The Barnes Healthcare Study was performed to evaluate the impact of a home high intensity NIV program for severe COPD patients

Come indicato in questa figura, lo studio di Barnes Healthcare[1] è stato eseguito per valutare l'impatto di un programma di NIV ad alta intensità a domicilio per pazienti con BPCO grave. L'obiettivo consisteva nel fornire supporto a domicilio ai pazienti con BPCO per ridurre i ricoveri di emergenza dovuti a esacerbazioni acute e l'utilizzo complessivo di risorse sanitarie.
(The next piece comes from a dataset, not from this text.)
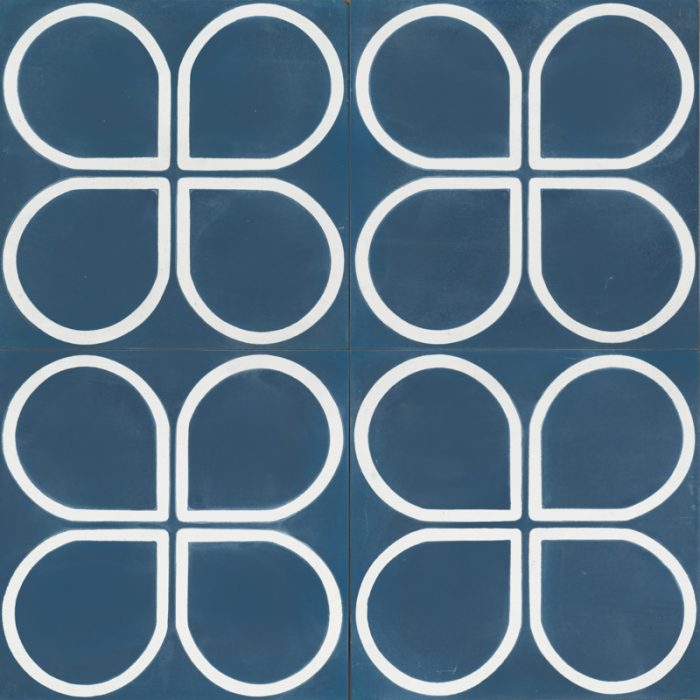 Designer Encaustic Tiles - Blue Coco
La Figura 3 mostra i criteri di idoneità per la partecipazione allo studio.

Tutti i pazienti erano affetti da BPCO in stadio GOLD 3/4, erano persistentemente ipercapnici, presentavano apnea ostruttiva nel sonno (OSA, obstructive sleep apnea) e, fattore importante, erano stati tutti ricoverati d'urgenza a causa della BPCO almeno due volte nell'anno precedente e avevano mostrato la volontà di utilizzare la NIV osservando scrupolosamente la terapia.

Lo studio presentava un disegno non randomizzato, multicentrico, retrospettivo, a singolo braccio. Sono stati inclusi 398 pazienti che soddisfacevano i criteri di idoneità.

I pazienti sono stati sottoposti a ventilazione non invasiva a pressione positiva a domicilio, con la possibilità di erogare ventilazione ad alta intensità quando ritenuto necessario dai pazienti stessi. Nello specifico, i pazienti hanno ricevuto un dispositivo Trilogy 100 (Philips Respironics) impostato su un intervallo di EPAP di 5–15 cm H2O, intervallo PSmin – PSmax 2–26 cm H2O, con frequenza di backup automatica e sistema AVAPS-AE impostato su 5–7 mL/kg di peso corporeo ideale (IBW, ideal body weight), in base alla tolleranza del paziente.

L'outcome primario misurato era la riospedalizzazione a 1 e 2 anni dopo l'inizio del programma, mentre gli outcome secondari comprendevano il tempo al decesso e un tasso di mortalità calcolato.  

Peyerl F. Chest 2016:00.

References

[1]

Coughlin S, Liang WE, Parthasarathy S. Retrospective Assessment of Home Ventilation to Reduce Rehospitalization in Chronic Obstructive Pulmonary Disease. J Clin Sleep Med 2015;11(6):663-670.